What you need to do: The response should be an exact copy of the records, with the pictures removed.

Data to use:
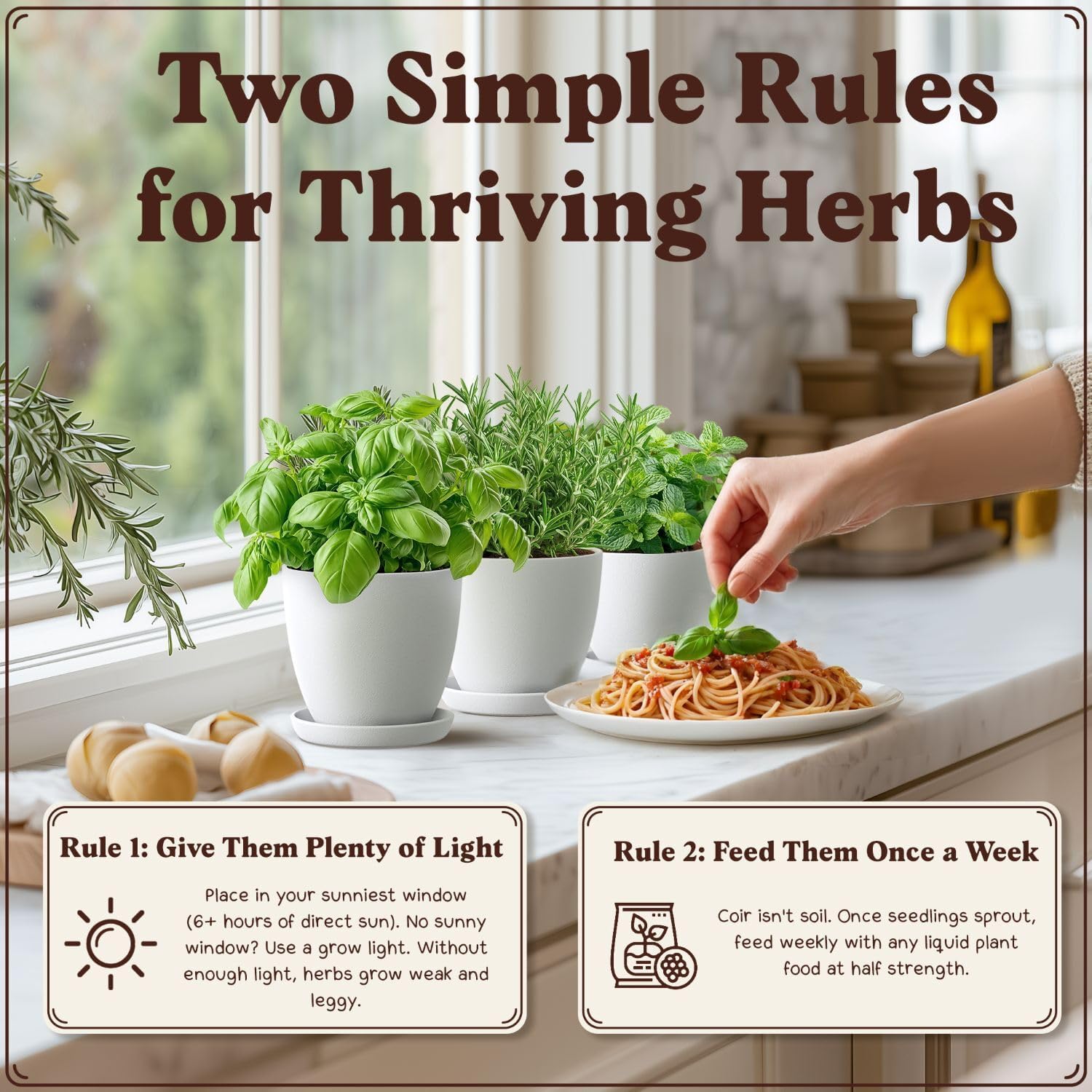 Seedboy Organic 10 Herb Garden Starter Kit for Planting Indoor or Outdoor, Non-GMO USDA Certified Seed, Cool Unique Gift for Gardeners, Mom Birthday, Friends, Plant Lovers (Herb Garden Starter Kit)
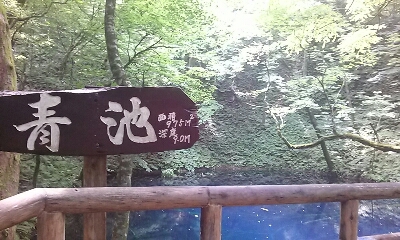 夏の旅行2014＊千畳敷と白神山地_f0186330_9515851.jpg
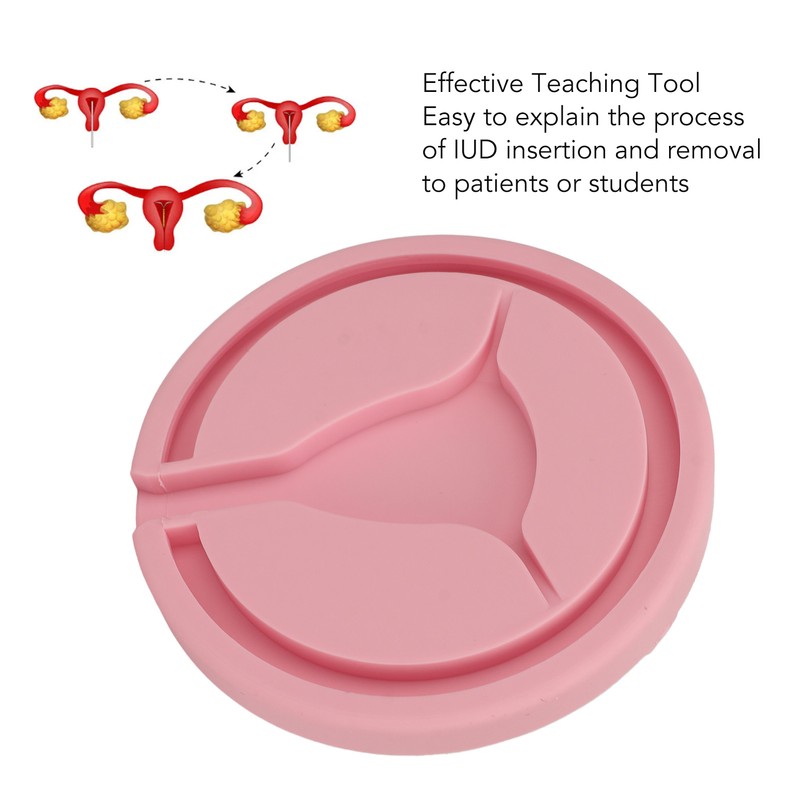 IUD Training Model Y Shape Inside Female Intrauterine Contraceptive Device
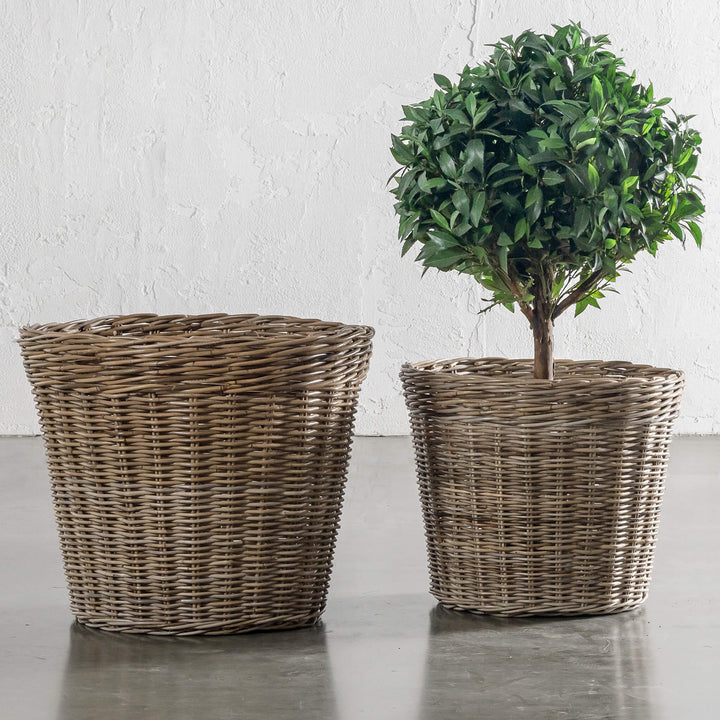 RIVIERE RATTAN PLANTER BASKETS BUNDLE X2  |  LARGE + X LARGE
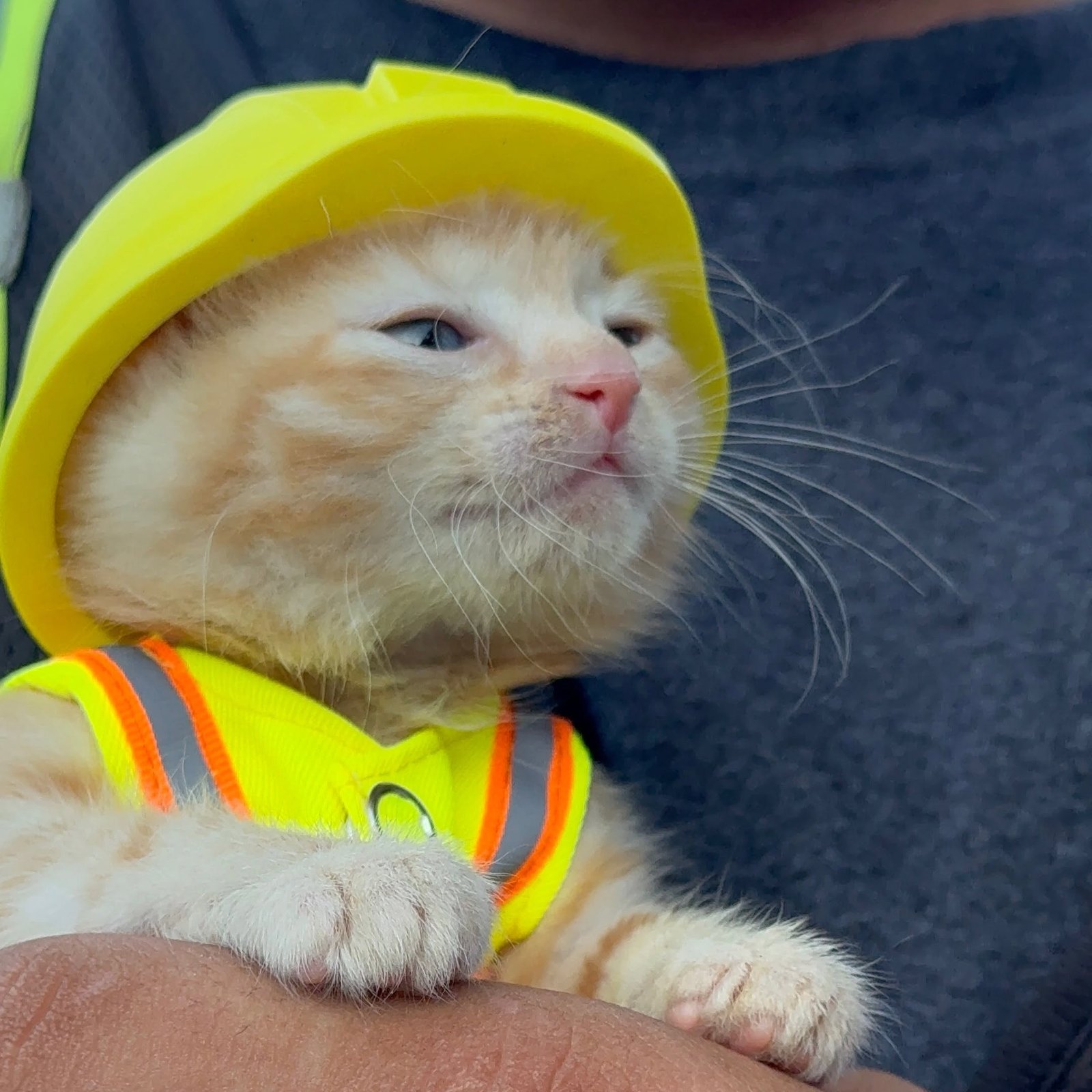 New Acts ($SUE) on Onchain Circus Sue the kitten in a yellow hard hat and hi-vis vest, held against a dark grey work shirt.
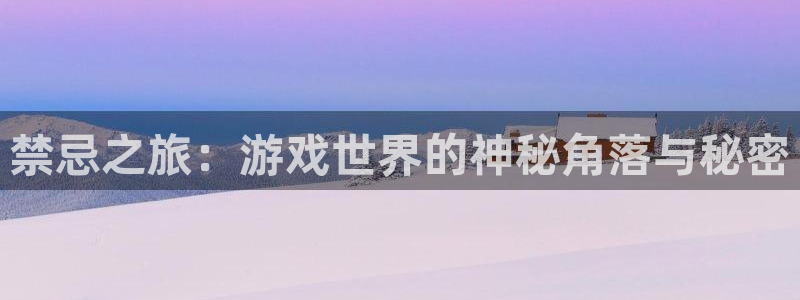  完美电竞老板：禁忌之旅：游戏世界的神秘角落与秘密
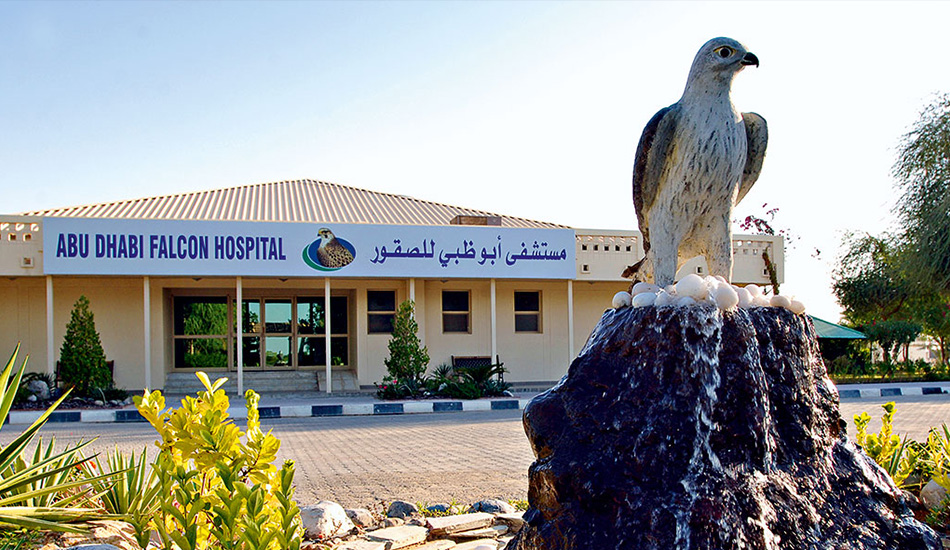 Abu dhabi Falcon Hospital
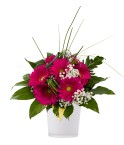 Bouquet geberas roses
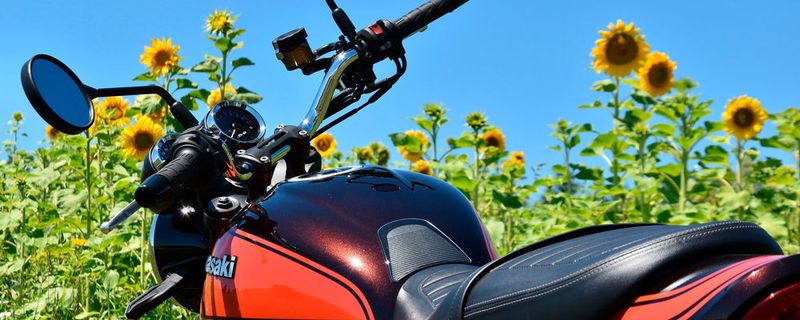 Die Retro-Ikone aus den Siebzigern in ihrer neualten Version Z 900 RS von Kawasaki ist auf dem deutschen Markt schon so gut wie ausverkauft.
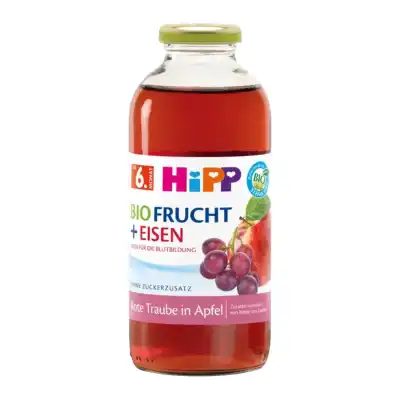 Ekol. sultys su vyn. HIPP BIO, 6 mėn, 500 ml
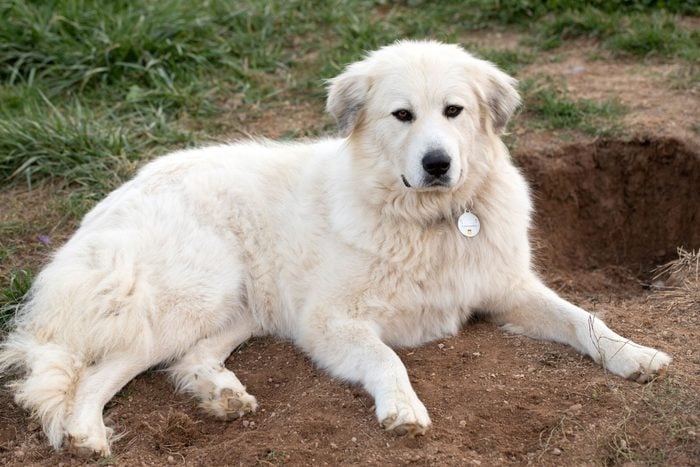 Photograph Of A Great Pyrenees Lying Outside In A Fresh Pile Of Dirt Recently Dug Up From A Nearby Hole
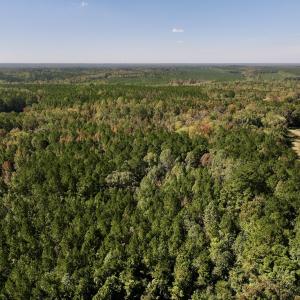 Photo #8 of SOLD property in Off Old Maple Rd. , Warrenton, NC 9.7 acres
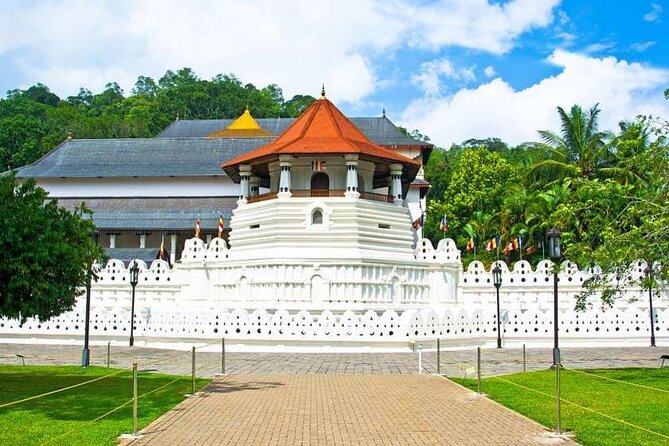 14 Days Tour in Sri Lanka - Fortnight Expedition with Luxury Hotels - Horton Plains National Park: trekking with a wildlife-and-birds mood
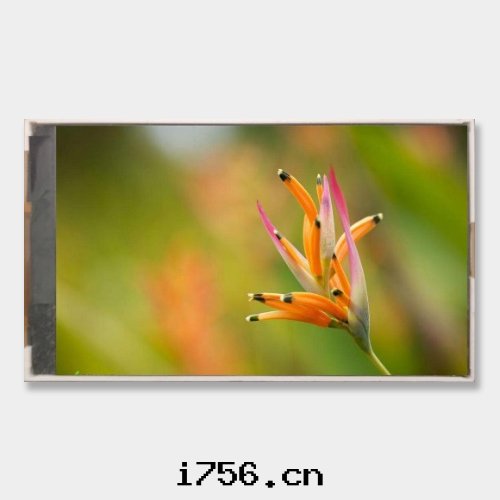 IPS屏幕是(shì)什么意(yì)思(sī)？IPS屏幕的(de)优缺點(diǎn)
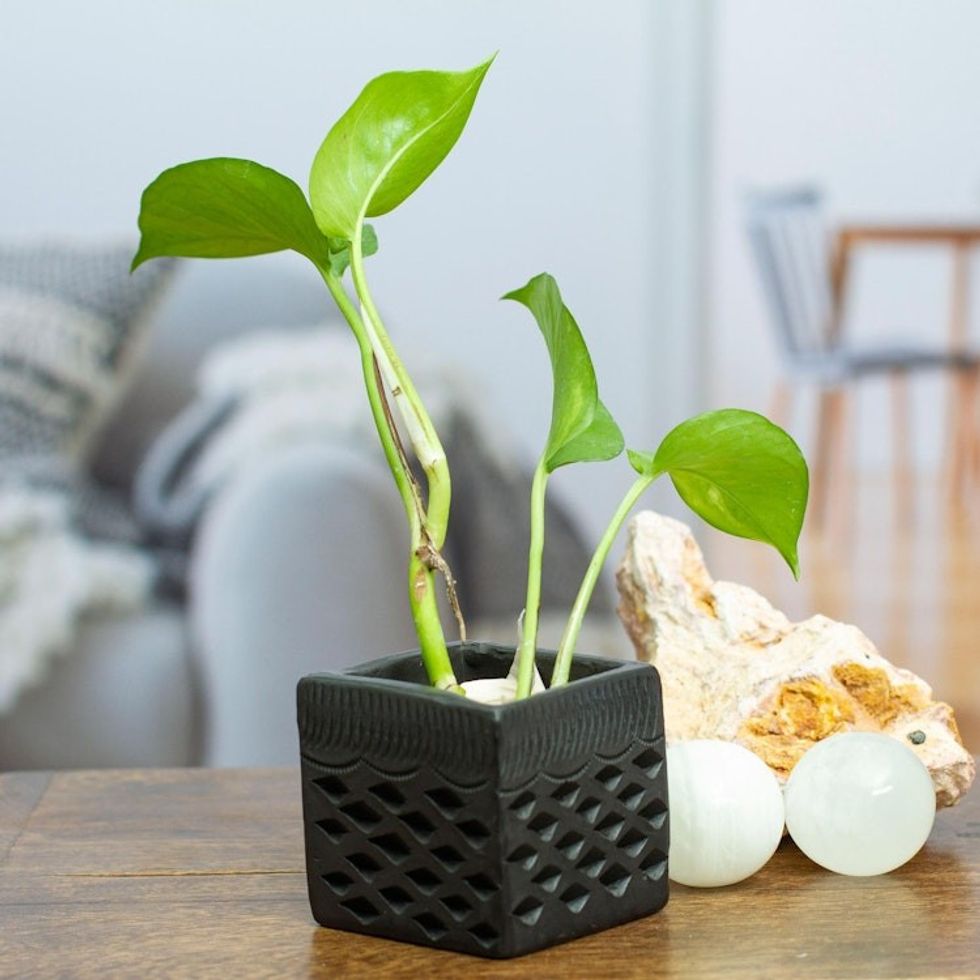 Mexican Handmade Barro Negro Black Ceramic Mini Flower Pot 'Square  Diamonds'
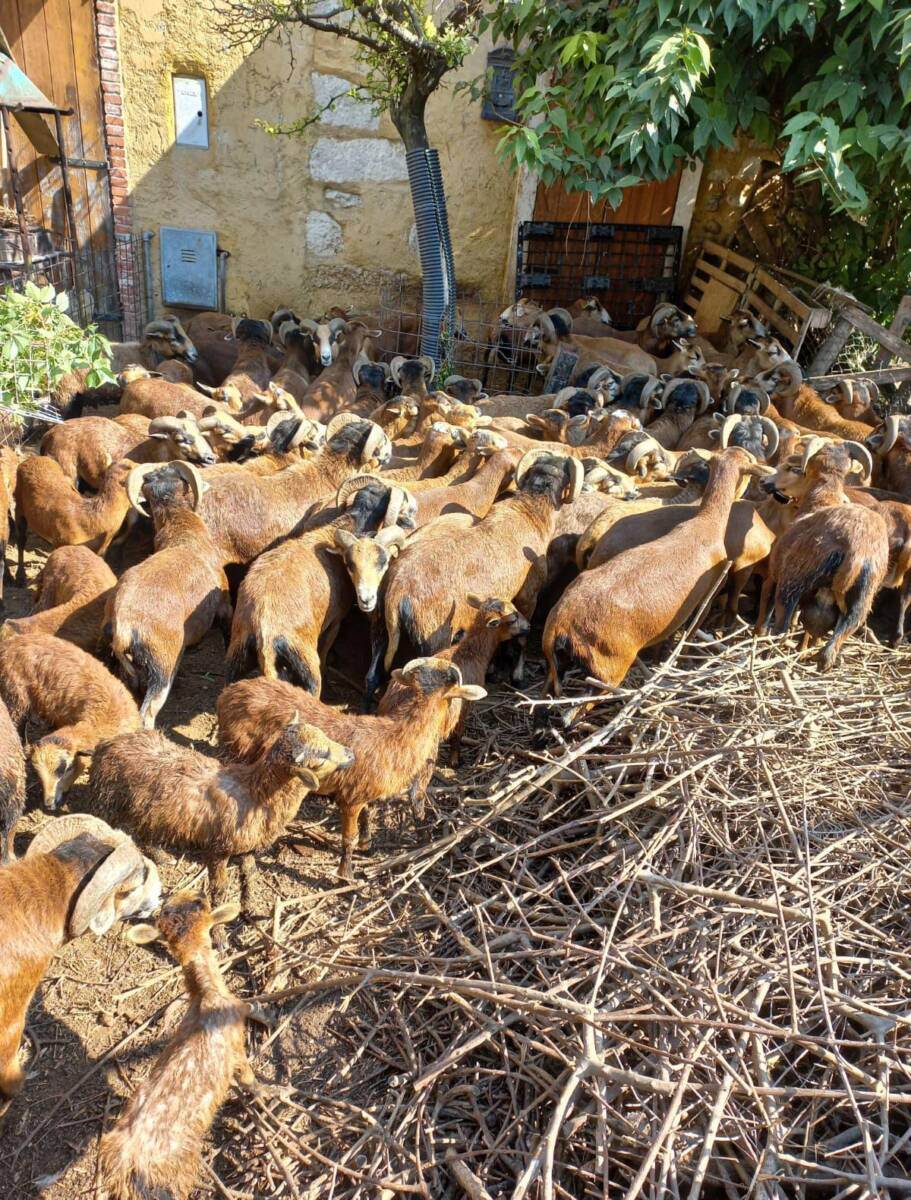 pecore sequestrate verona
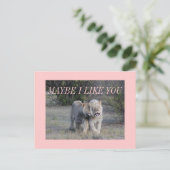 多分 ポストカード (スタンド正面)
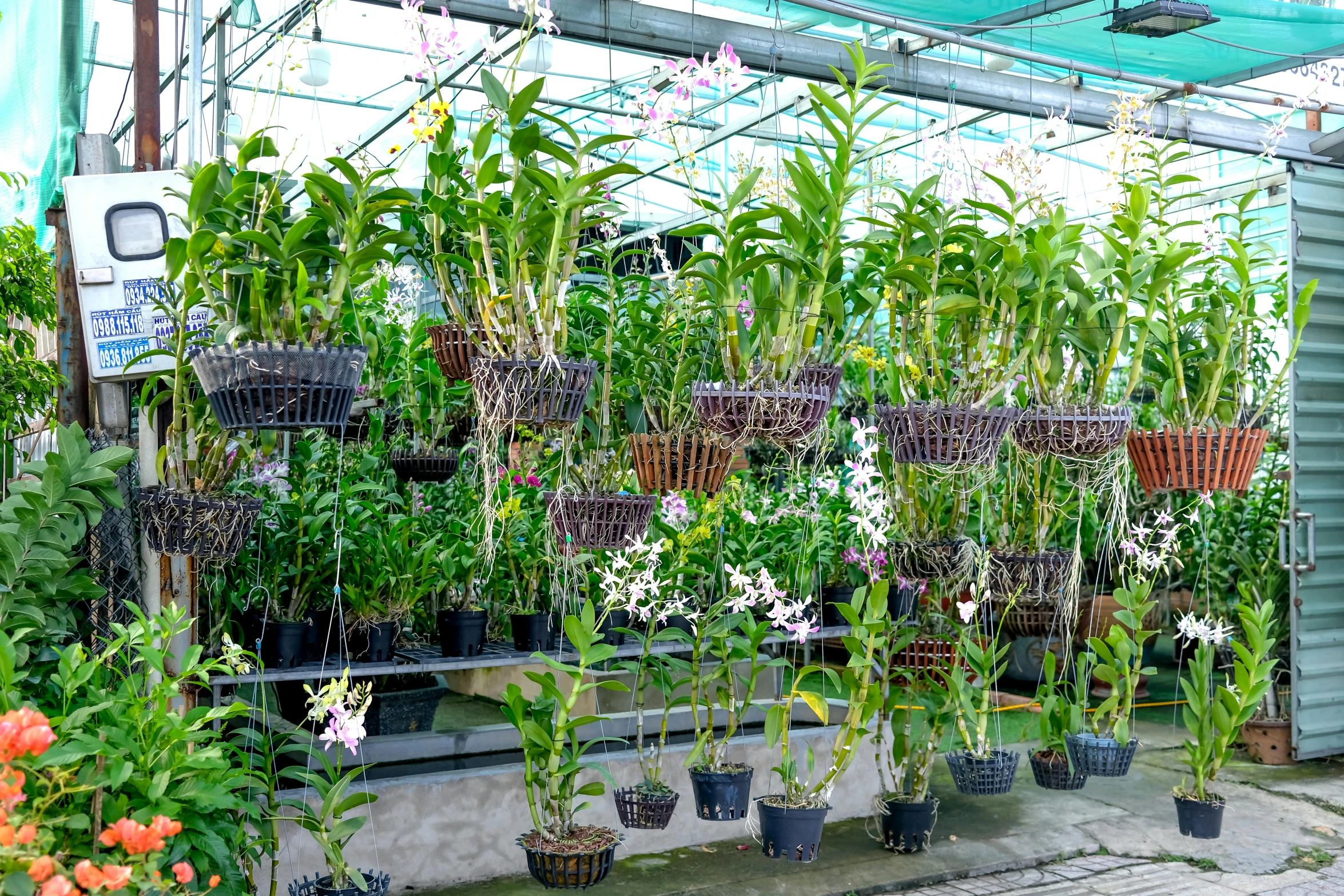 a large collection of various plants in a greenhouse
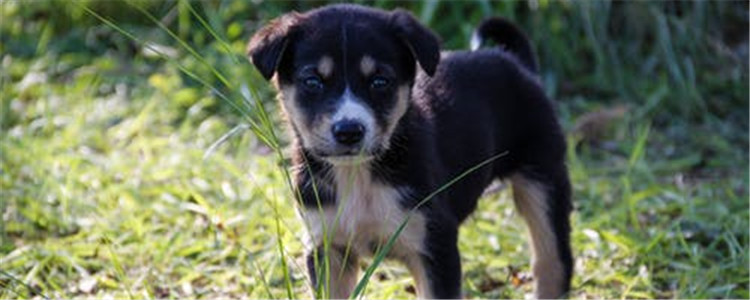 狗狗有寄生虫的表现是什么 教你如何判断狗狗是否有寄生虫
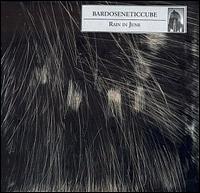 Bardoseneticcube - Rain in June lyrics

Result of this exercise:
 Seedboy Organic 10 Herb Garden Starter Kit for Planting Indoor or Outdoor, Non-GMO USDA Certified Seed, Cool Unique Gift for Gardeners, Mom Birthday, Friends, Plant Lovers (Herb Garden Starter Kit)
 夏の旅行2014＊千畳敷と白神山地_f0186330_9515851.jpg
 IUD Training Model Y Shape Inside Female Intrauterine Contraceptive Device
 RIVIERE RATTAN PLANTER BASKETS BUNDLE X2  |  LARGE + X LARGE
 New Acts ($SUE) on Onchain Circus Sue the kitten in a yellow hard hat and hi-vis vest, held against a dark grey work shirt.
  完美电竞老板：禁忌之旅：游戏世界的神秘角落与秘密
 Abu dhabi Falcon Hospital
 Bouquet geberas roses
 Die Retro-Ikone aus den Siebzigern in ihrer neualten Version Z 900 RS von Kawasaki ist auf dem deutschen Markt schon so gut wie ausverkauft.
 Ekol. sultys su vyn. HIPP BIO, 6 mėn, 500 ml
 Photograph Of A Great Pyrenees Lying Outside In A Fresh Pile Of Dirt Recently Dug Up From A Nearby Hole
 Photo #8 of SOLD property in Off Old Maple Rd. , Warrenton, NC 9.7 acres
 14 Days Tour in Sri Lanka - Fortnight Expedition with Luxury Hotels - Horton Plains National Park: trekking with a wildlife-and-birds mood
 IPS屏幕是(shì)什么意(yì)思(sī)？IPS屏幕的(de)优缺點(diǎn)
 Mexican Handmade Barro Negro Black Ceramic Mini Flower Pot 'Square  Diamonds'
 pecore sequestrate verona
 多分 ポストカード (スタンド正面)
 a large collection of various plants in a greenhouse
 狗狗有寄生虫的表现是什么 教你如何判断狗狗是否有寄生虫
 Bardoseneticcube - Rain in June lyrics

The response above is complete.